Page 7: SVG Tutorial and Transformations

CS559 Spring 2021 Sample Solution - Workbook 3

Written by CS559 course staff

You can try out the example solutions here. The interesting code is on page 6 and page 8.

In previous workbooks, we mentioned the SVG (Scalable Vector Graphics) API. It is a (vector, retained-mode, scene-graph) API where the graphics objects are stored as elements in the browser’s DOM.

Learning about SVG is useful: it is a very commonly used web graphics API. It is also a great way to learn about the concepts in a scene graph API, so you will be ready when we get to a 3D scene graph API.

With respect to the topic of this workbook (coordinate systems and transformations), SVG is useful for learning, so we will look at it here. The concepts are the same: we have coordinate systems, transformations that change coordinate systems, objects are drawn in coordinate systems, we create hierarchies, … However, we use them differently.

To start, you should learn the basics of SVG. This is discussed in the CS559 SVG Tutorial. You may find it useful to read beyond the class tutorial - the Mozilla SVG Tutorial is quite good.

Once you’re comfortable with SVG, we can learn about how it handles transformations and hierarchies to connect with what we saw in Canvas.

Coordinate Systems for Display-List APIs

We saw on previous pages how Canvas (and many other immediate-mode APIs) use a transformation stack approach to handling coordinate systems and hierarchy. Drawing commands use the current transformation. Transformation commands update the current transformation. We use save and restore (push/pop) to save the transformations. Save and restore creates a stack, so I call this approach a transformation stack approach. Because the transformations are stores as matrices (more on that in the next workbook), I will also call it a matrix stack.

The transformation stack (save and restore) model is very procedural: it represents the hierarchical structure of the objects implicitly in the code. There is no representation of groups (unless your code has them). When graphics objects are drawn, the objects are drawn with the current transformation (i.e., in the current coordinate system).

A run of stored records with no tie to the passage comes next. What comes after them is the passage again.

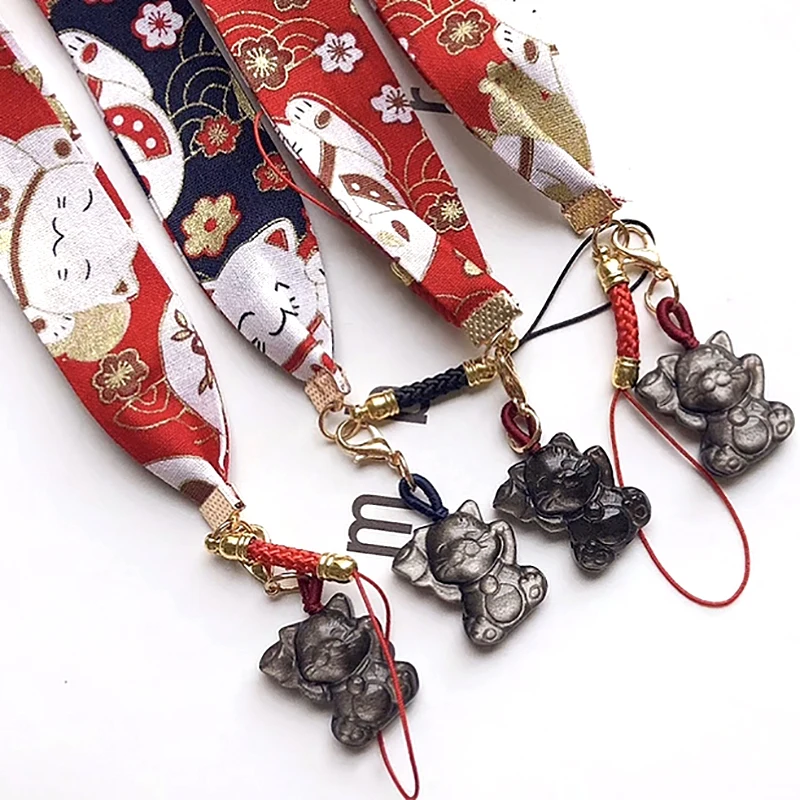 Брелок Lucky Cat, ювелирный автомобильный брелок для мобильного телефона, натуральный обсидиан, золото, серебро, кот, аниме, брелок, подвески, подарок, аксессуары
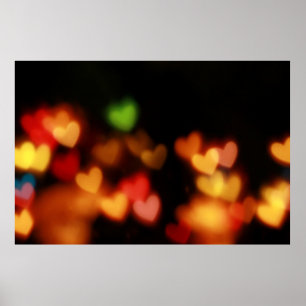 Póster Fotografía de Hearts Bokeh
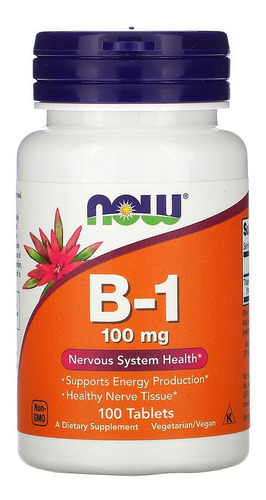 Vitamina B-1 Hcl De Tiamina 100mg 100tab Now Sistema Nervoso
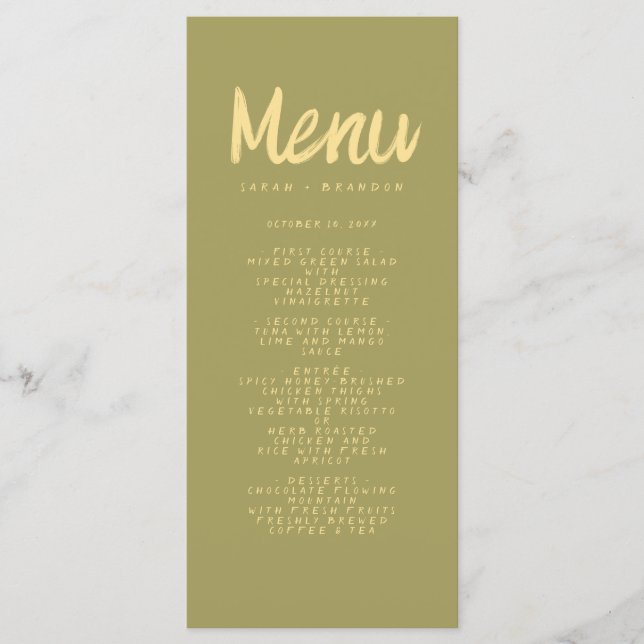 Pink Red Handwriting Typography Retro Wedding Menu (Front)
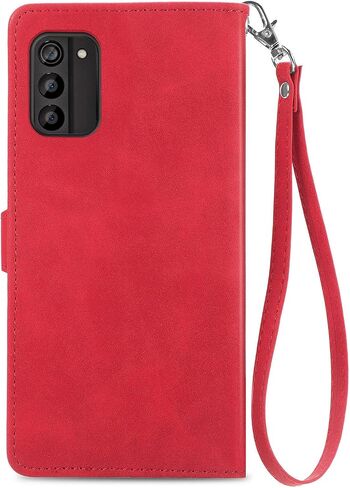 حافظة هاتف بمحفظة بتصميم سحاب لهاتف Nokia G100، حافظة جلدية لطيفة على البشرة مع مشبك مغناطيسي وحافظة لفتحات بطاقات متعددة لهاتف Nokia G100، SZY أحمر in Saudi Arabia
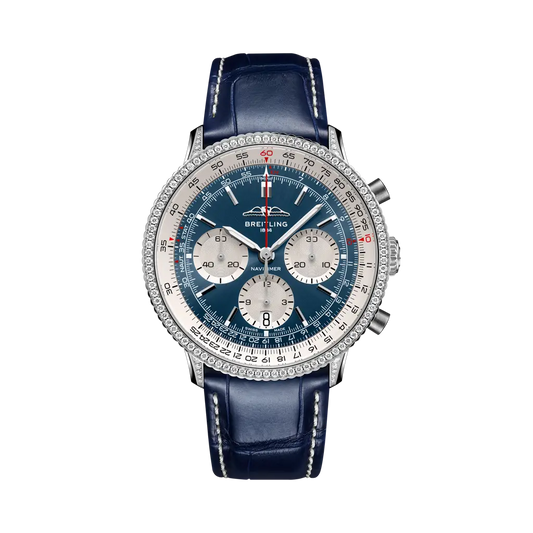Breitling Navitimer B01 Chronograph 41 mm Silver With Blue Dial Stainless steel (gem-set)   Leather Strap AB0139631C1P1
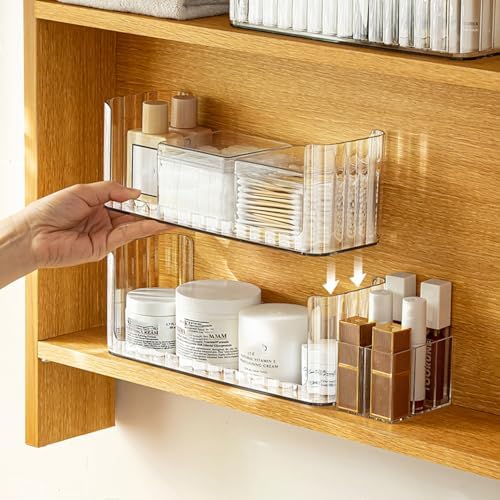 2-Tier Stackable Medicine Cabinet Organizer Shelves, Clear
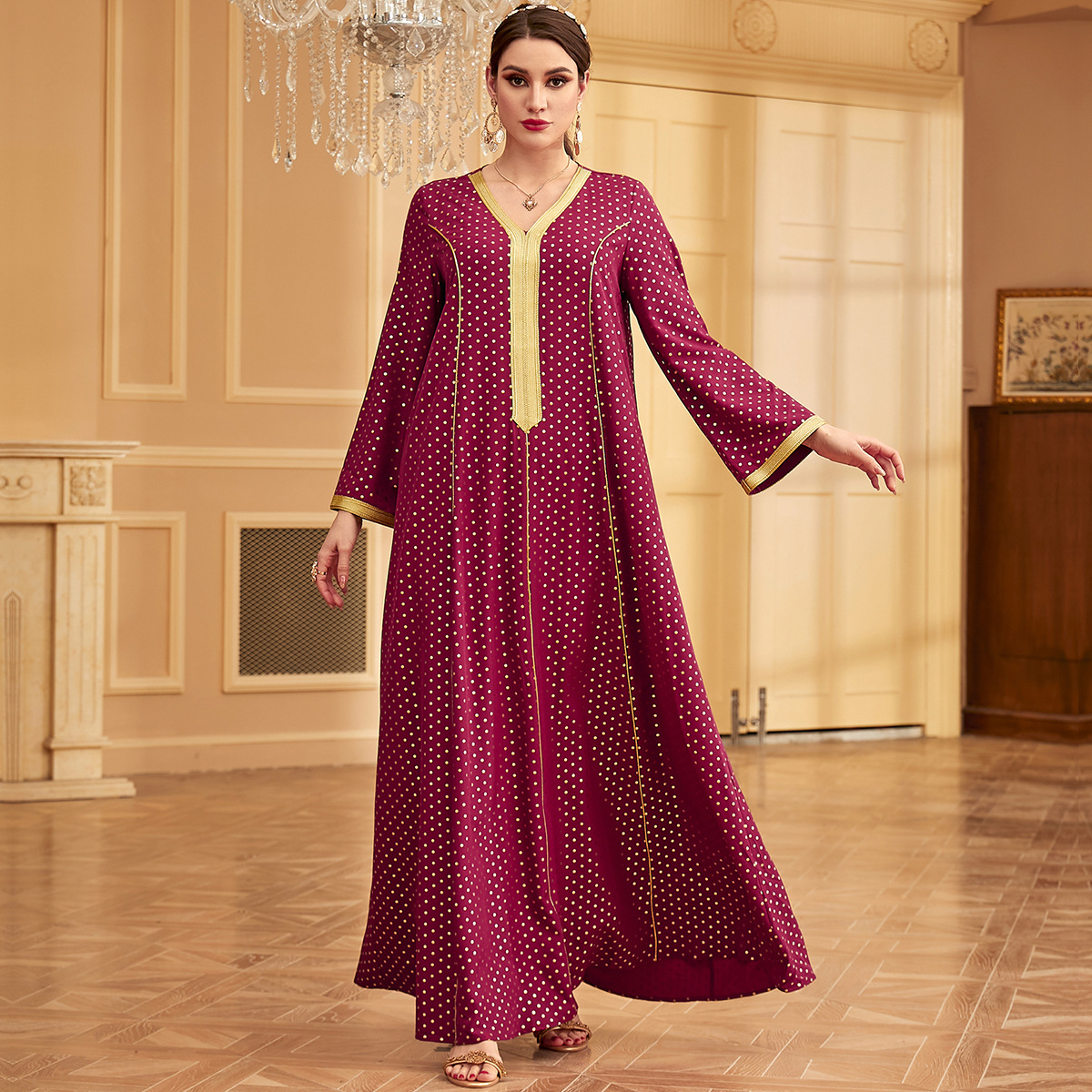 New Middle Eastern robe for women polka dot gold-stamped dress for women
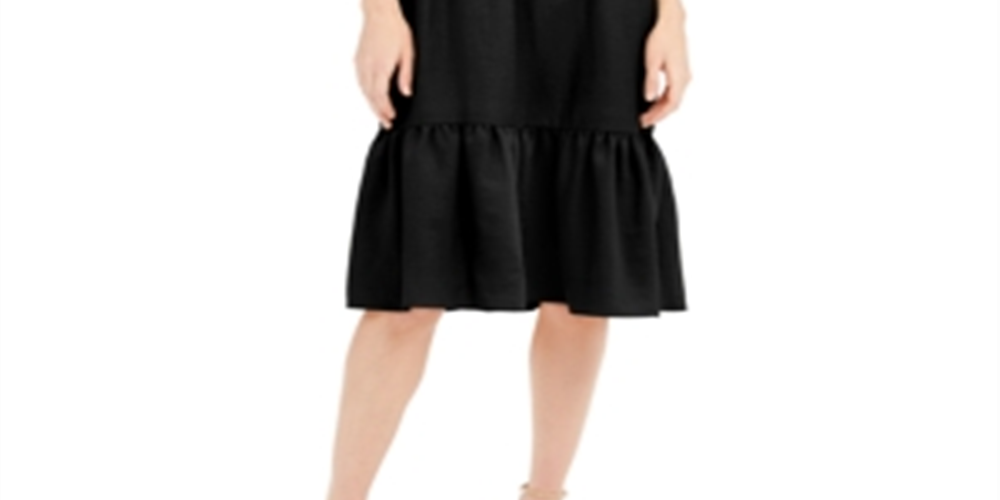 Vestido MIDI feminino com frente torcida e mistura de linho da INC International Concepts, preto, tamanho XXL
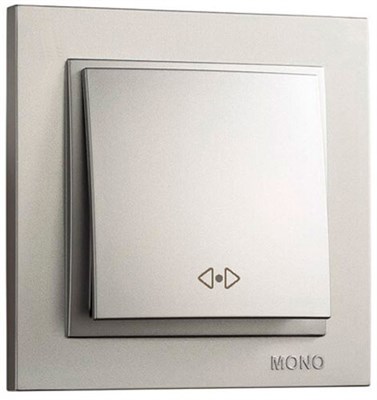 Выключатель MONO механизм+кн. Metallic Light Fume - фото 45024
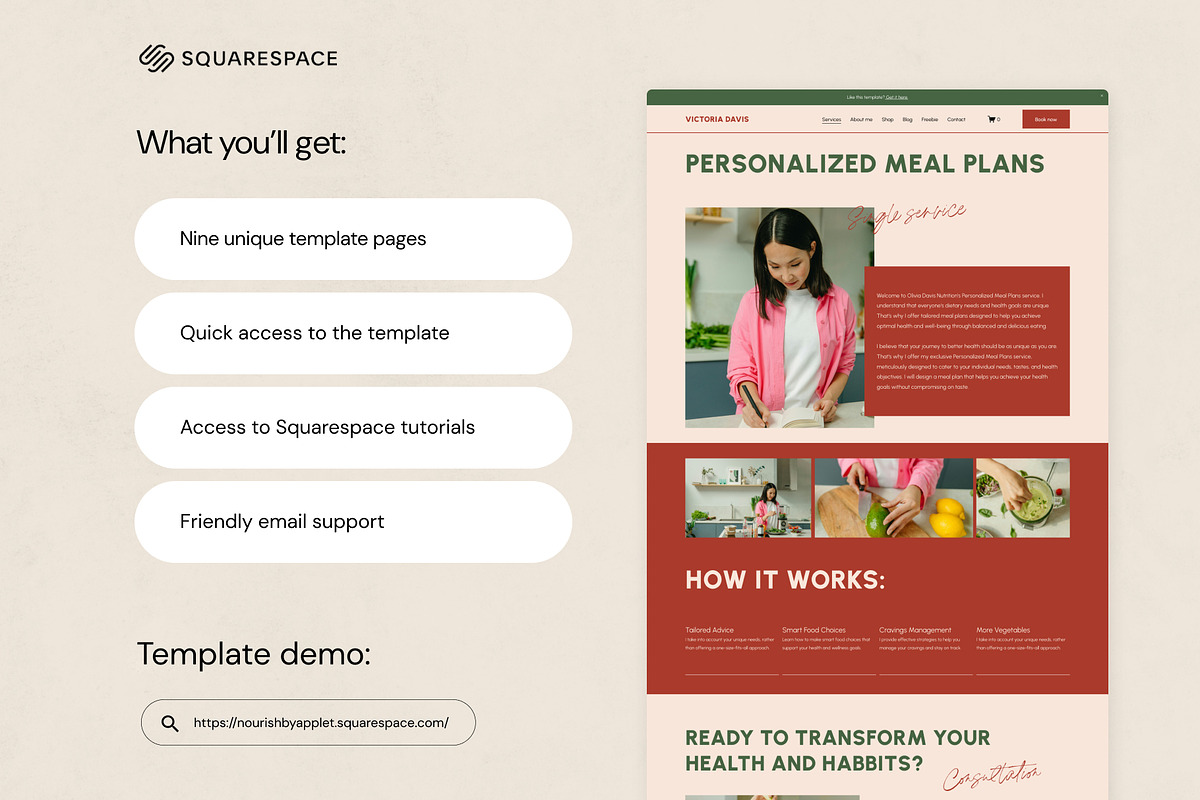 Squarespace Template: Nourish, a Squarespace Template by Applet Studio (Photo 3 of 6)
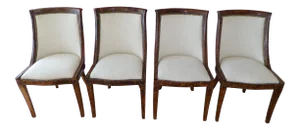 Regency Style Tortoise Shell Veneered Chairs - a Set of 4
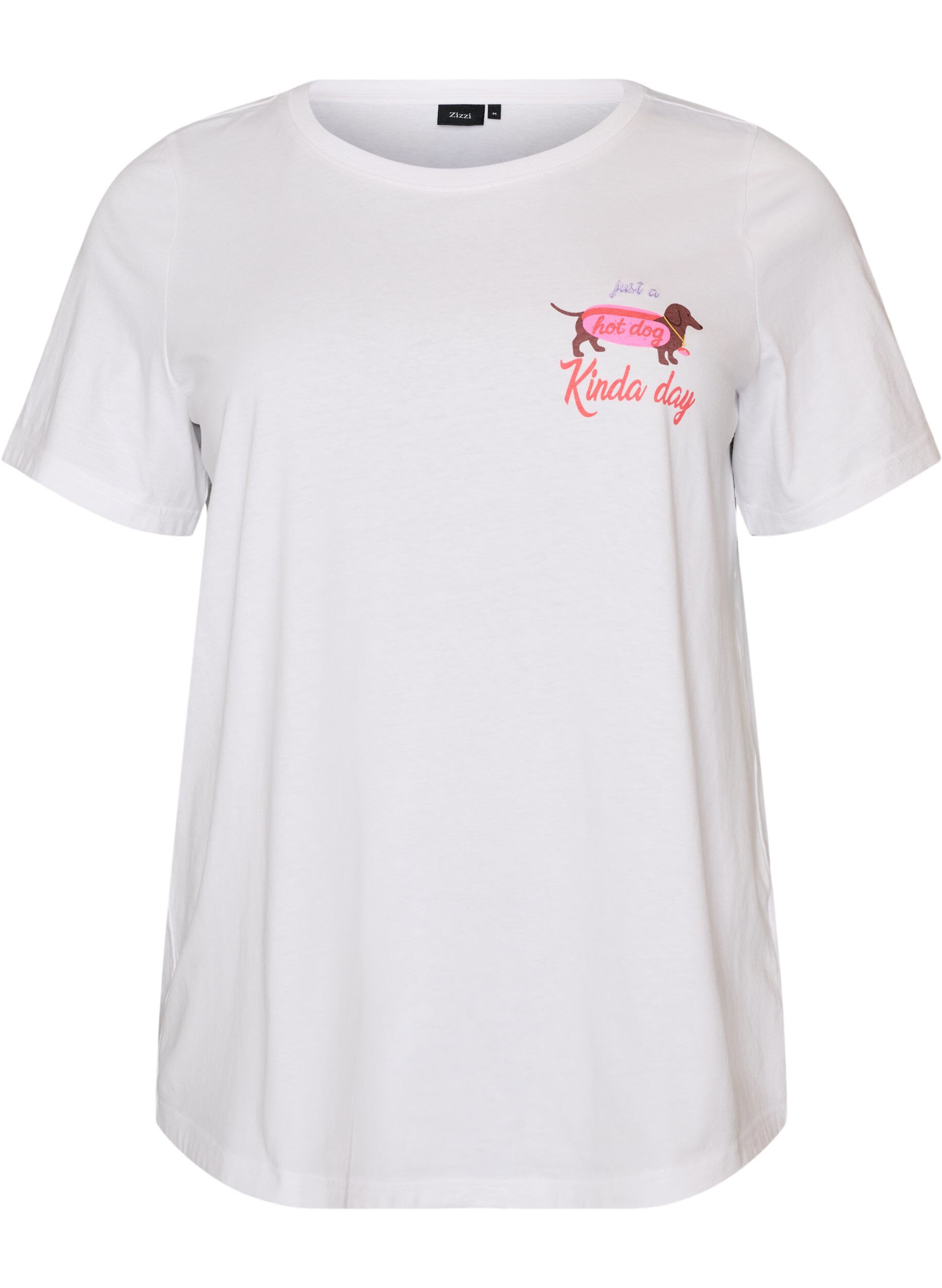 Zizzifashion Cotton T-shirt with chest print, White, Packshot image number 0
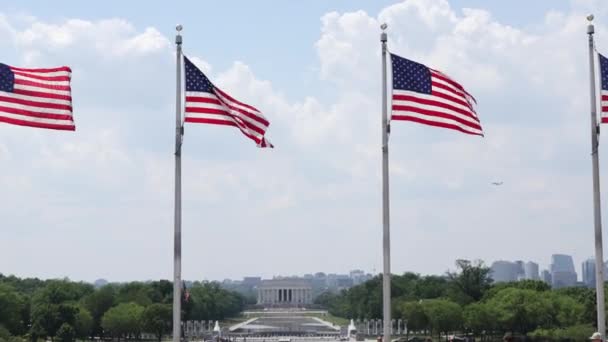 Американские Флаги Развевающиеся Ветру Мемориалом Линкольна Вдалеке — стоковое видео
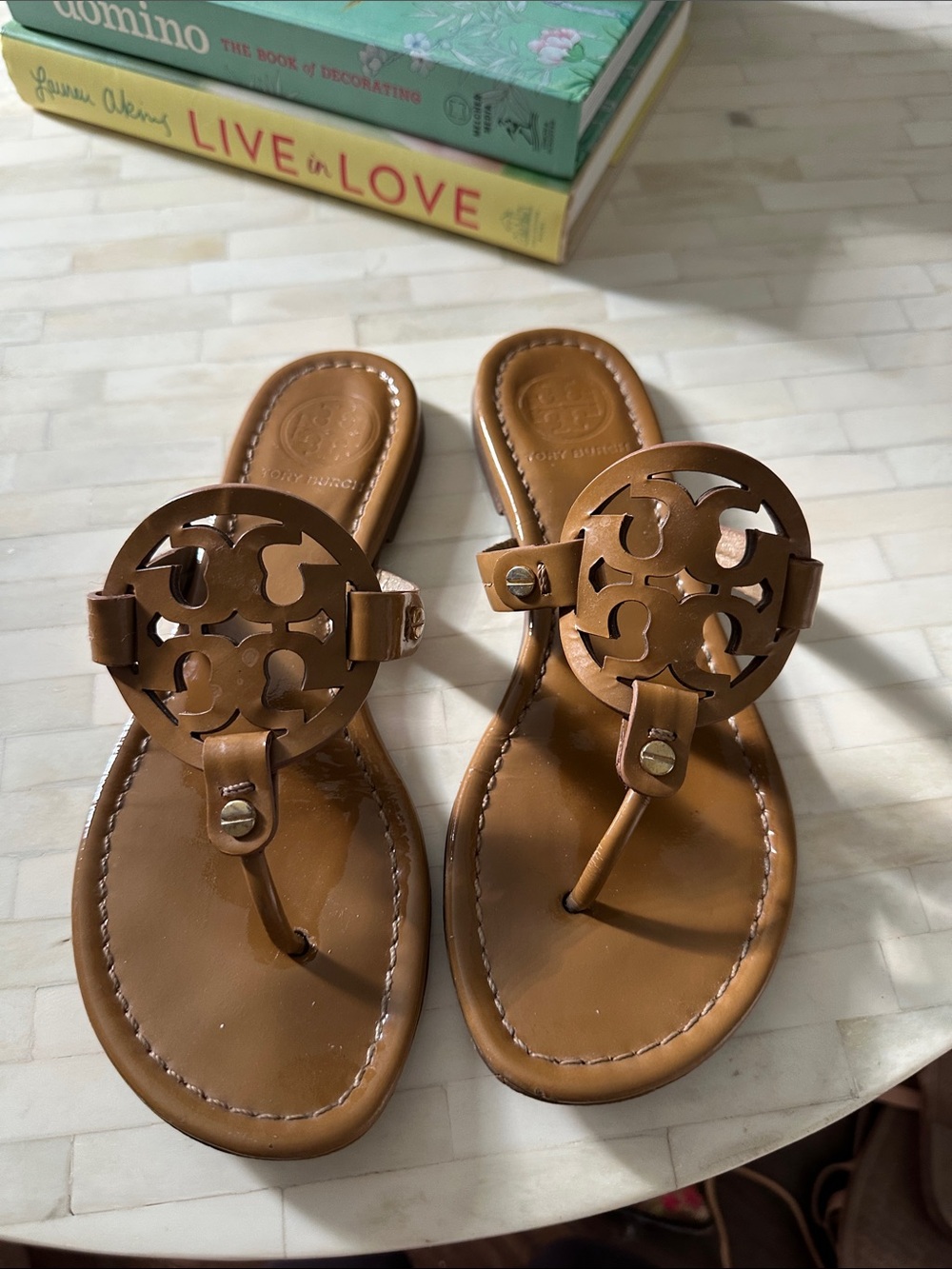 Tory Burch Tan Leather Logo Thong Sandals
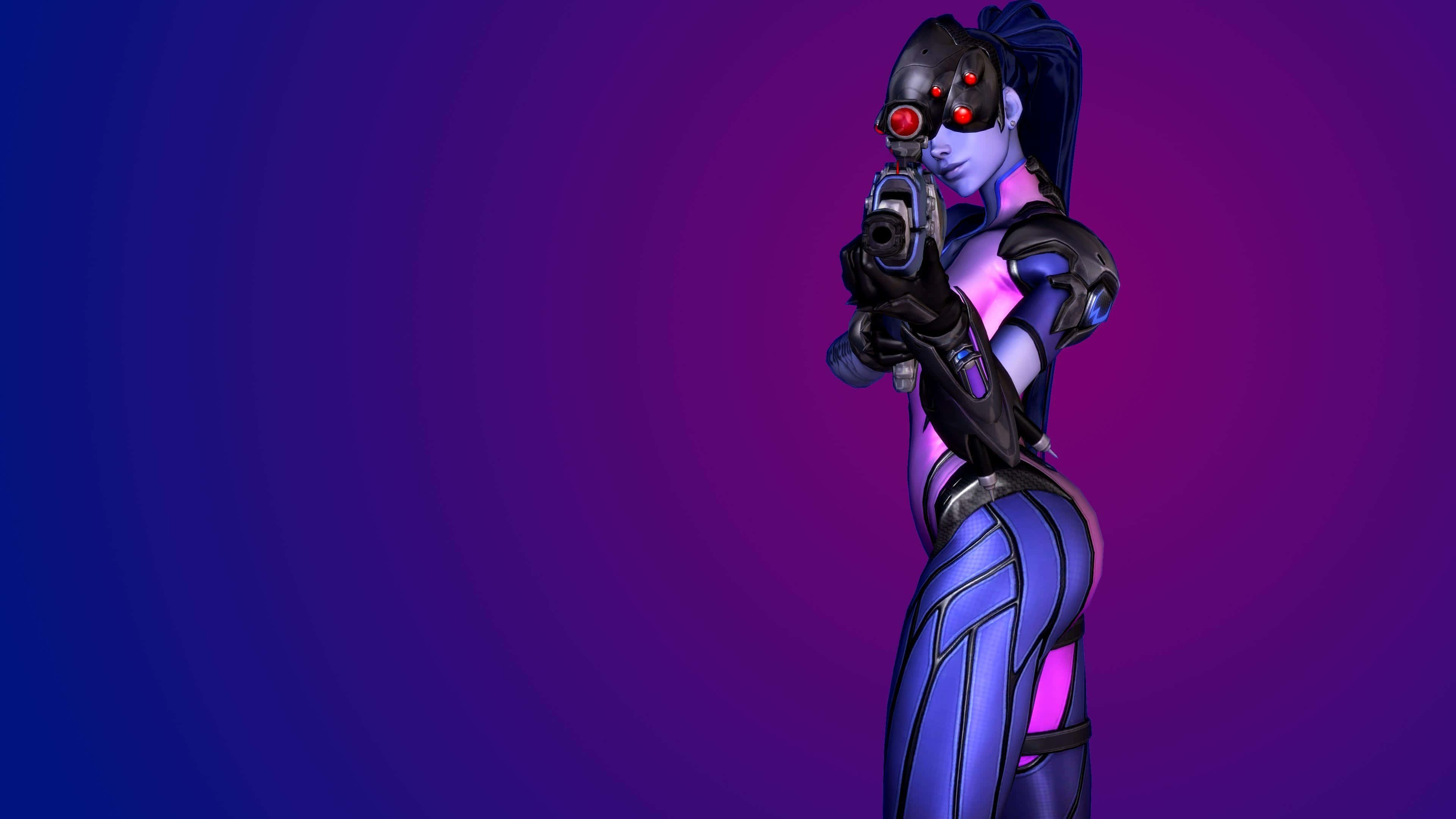 Overwatch Widowmaker 桌布 壁紙 — 一位身穿時尚紫色裝甲的網路女戰士，在紫色和藍色漸變背景前瞄準一把發光的手槍。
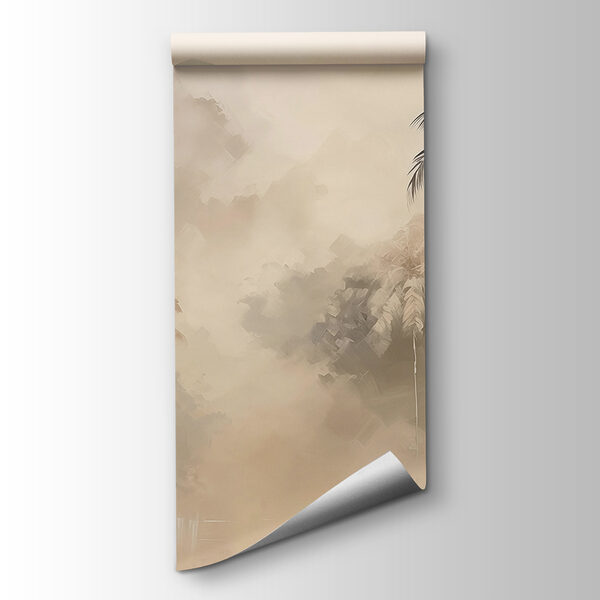 Painting of a forest with trees and fog Painting of a forest with trees and fog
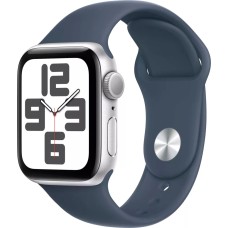 Умные часы Apple Watch SE 2 40 мм (алюминиевый корпус, серебристый/грозовой синий, спортивный силиконовый ремешок M/L)
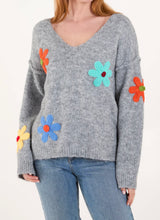 Beige V-Neck Knitted Colourful Flowers Print Jumper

In a retained mode system, the system stores the graphics objects as an explicit data structure. Those objects persist after they are created. They can be changed - and we will see those changes. The coordinate systems that the objects “live” in also must stay around so we can interpret the objects. Indeed, it is useful to be able to change the coordinate system to change the objects.

With SVG, each object has its own coordinate system that it is drawn in. It is a property of every SVG object.

Here is a really simple SVG - with three objects (the SVG is inside of the HTML file 03-07-01.html):

If you look at the svg, you will see that each object has its own transformation defined, giving it its own coordinate system. This coordinate system is stored as a property of the object.

<svg id="mysvg" width="300px" height="150px">
    <rect   transform="translate(40,30)"  id="rect1" width="20" height="20" x="-10" y="-10" fill="red" />
    <circle transform="translate(40,70)"  id="circ1" cx="0" cy="0" r="20" fill="blue" />
    <path   transform="translate(40,110)" id="path1" d="M-15,0 h30 l-15,30 Z" fill="orange" />

If I want, I can write JavaScript code to change the coordinate systems the objects are in (by changing their transformations).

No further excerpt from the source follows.